According to the Chinese Academy of Sciences academician and an International Academy of Astronautics member Wang Xiji, this fiction has a scientific basis.

Wang 93, who has dedicated more than five decades on space technology research was quoted by Xinhua as saying : "An economically viable space power station would be really huge, with the total area of the solar panels reaching 5sq km to 6sq km."

This is something equivalent to 12 of Beijing’s Tiananmen Square, which is the largest public square in the world.

The problem with power generated from solar plants on ground is that it fluctuates with night and day and weather, however a space generator is predicted to be efficient 99% of the time.

Some countries such as US and Japan are also studying the idea of a solar power station in space. However, this plan is ridden with several hurdles.
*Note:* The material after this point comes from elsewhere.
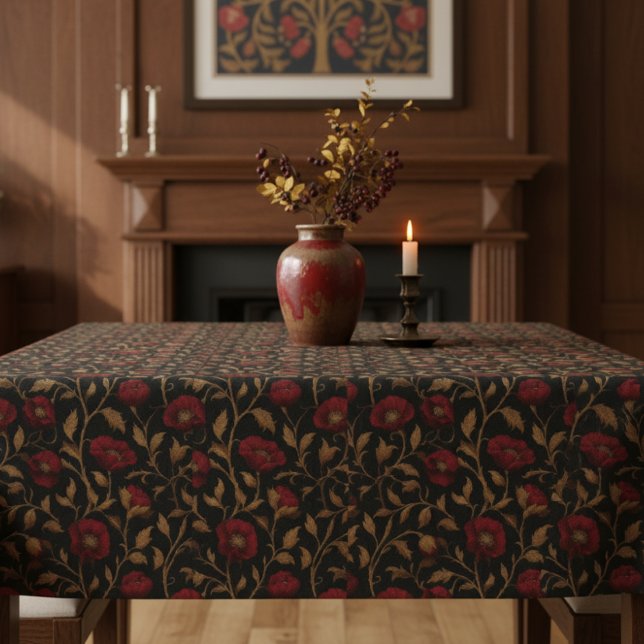 Mantel Vintage William Morris Red Gold Poppy Floral (Subido por el creador)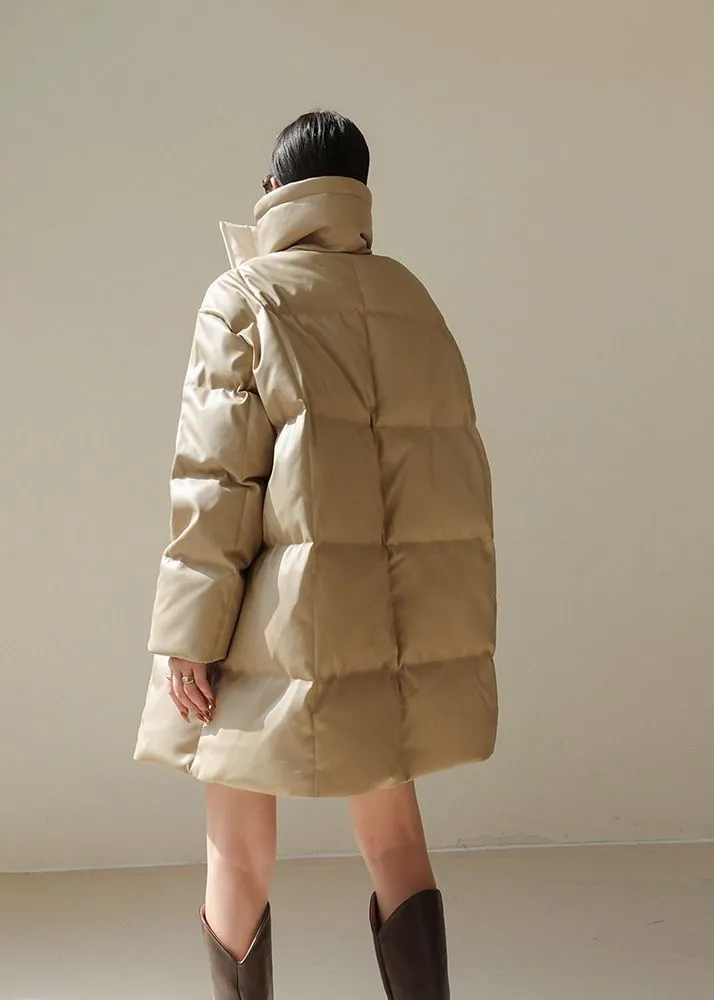 PU Leather Down Jacket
For instance, a space power station would weigh 10,000t, but few rockets can carry a payload of more than 100t to low Earth orbit.

To overcome this problem, Wang, who designed the country’s first carrier rocket over four decades ago, suggests: "We need a cheap heavy-lift launch vehicle.

"We also need to make very thin and light solar panels. The weight of the panel must be less than 200g per square metre."

China Academy of Space Technology vice-president Li Ming was quoted as saying: "China will build a space station in approximately 2020, which will open an opportunity to develop space solar power technology."